The documents show in detail how, in its hunt for terrorists, the NYPD investigated countless innocent New York Muslims and put information about them in secret police files. As a tactic, opening an enterprise investigation on a mosque is so potentially invasive that while the NYPD conducted at least a dozen, the FBI never did one, according to interviews with federal law enforcement officials.
Undercover officers in mosques
The strategy has allowed the NYPD to send undercover officers into mosques and attempt to plant informants on the boards of mosques and at least one prominent Arab-American group in Brooklyn, whose executive director has worked with city officials, including Bill de Blasio, a front-runner for mayor.

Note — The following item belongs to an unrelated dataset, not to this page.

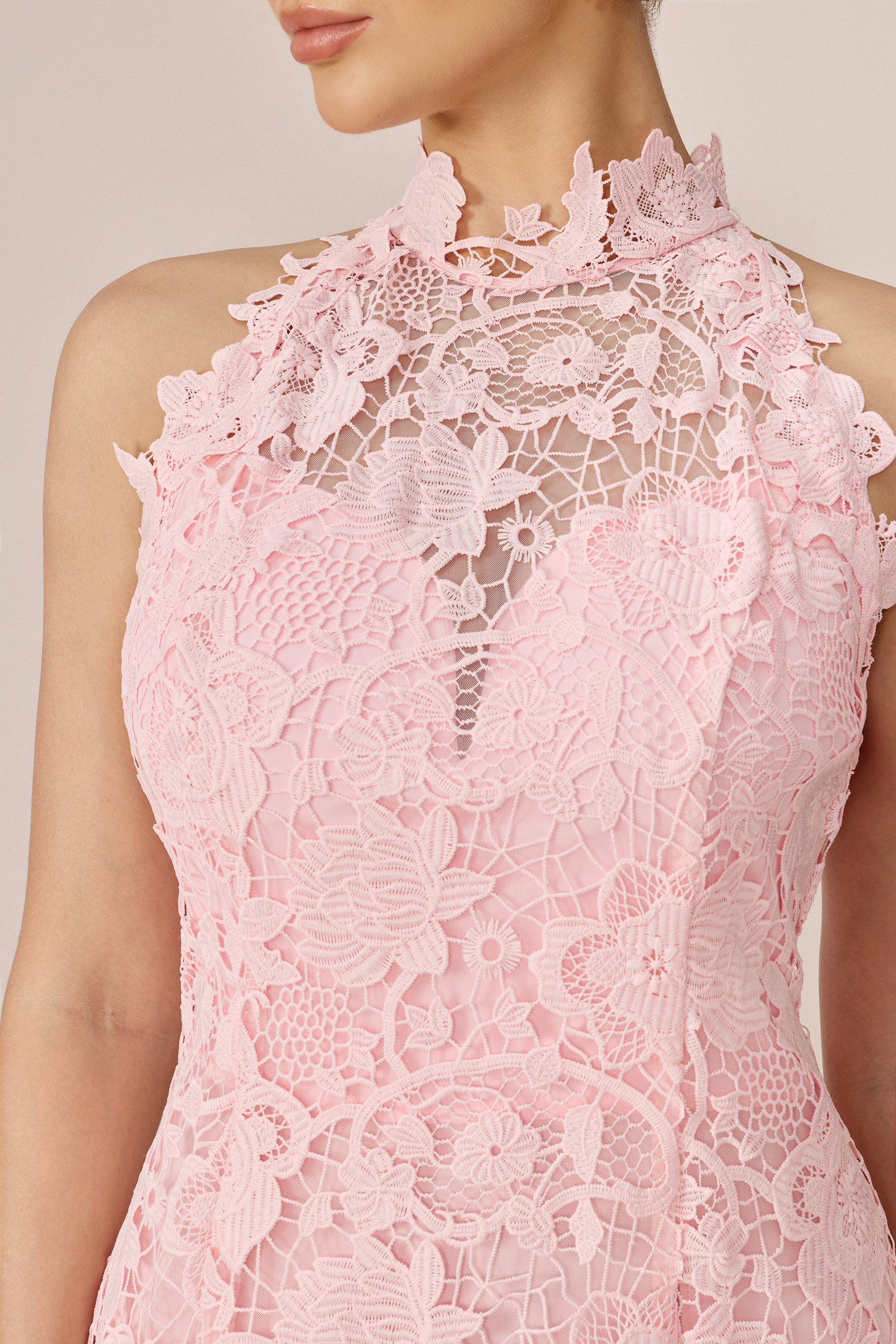 Take My Heart Pink Floral Lace Sleeveless Maxi Dress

The revelations about the NYPD’s massive spying operations are in documents recently obtained by The Associated Press and part of a new book, “Enemies Within: Inside the NYPD’s Secret Spying Unit and bin Laden’s Final Plot Against America.” The book by AP reporters Matt Apuzzo and Adam Goldman is based on hundreds of previously unpublished police files and interviews with current and former NYPD, CIA and FBI officials.
The disclosures come as the NYPD is fighting off lawsuits accusing it of engaging in racial profiling while combating crime. Earlier this month, a judge ruled that the department’s use of the stop-and-frisk tactic was unconstitutional.
The American Civil Liberties Union and two other groups have sued, saying the Muslim spying programs are unconstitutional and make Muslims afraid to practice their faith without police scrutiny. Both Mayor Mike Bloomberg and Police Commissioner Raymond Kelly have denied those accusations. They say police do not unfairly target people; they only follow leads.
“As a matter of department policy, undercover officers and confidential informants do not enter a mosque unless they are following up on a lead,” Kelly wrote recently in The Wall Street Journal. “We have a responsibility to protect New Yorkers from violent crime or another terrorist attack — and we uphold the law in doing so.” An NPYD spokesman declined to comment.
The NYPD did not limit its operations to collecting information on those who attended the mosques or led prayers. The department sought also to put people on the boards of New York’s Islamic institutions to fill intelligence gaps.
One confidential NYPD document shows police wanted to put informants in leadership positions at mosques and other organizations, including the Arab American Association of New York in Brooklyn, a secular social-service organization.
Linda Sarsour, the executive director, said her group helps new immigrants adjust to life in the U.S. It was not clear whether the department was successful in its plans. The document, which appears to have been created around 2009, was prepared for Kelly and distributed to the NYPD’s debriefing unit, which helped identify possible informants.
Sarsour, a Muslim who has met with Kelly many times, said she felt betrayed. “It creates mistrust in our organizations,” said Sarsour, who was born and raised in Brooklyn. “It makes one wonder and question who is sitting on the boards of the institutions where we work and pray.”
The NYPD believed the tactics were necessary to keep the city safe, a view that sometimes put it at odds with the FBI. Among the mosques targeted as early as 2003 was the Islamic Society of Bay Ridge. “I have never felt free in the United States. The documents tell me I am right,” Zein Rimawi, one of the Bay Ridge mosque’s leaders, said after reviewing an NYPD document describing his mosque as a terrorist enterprise.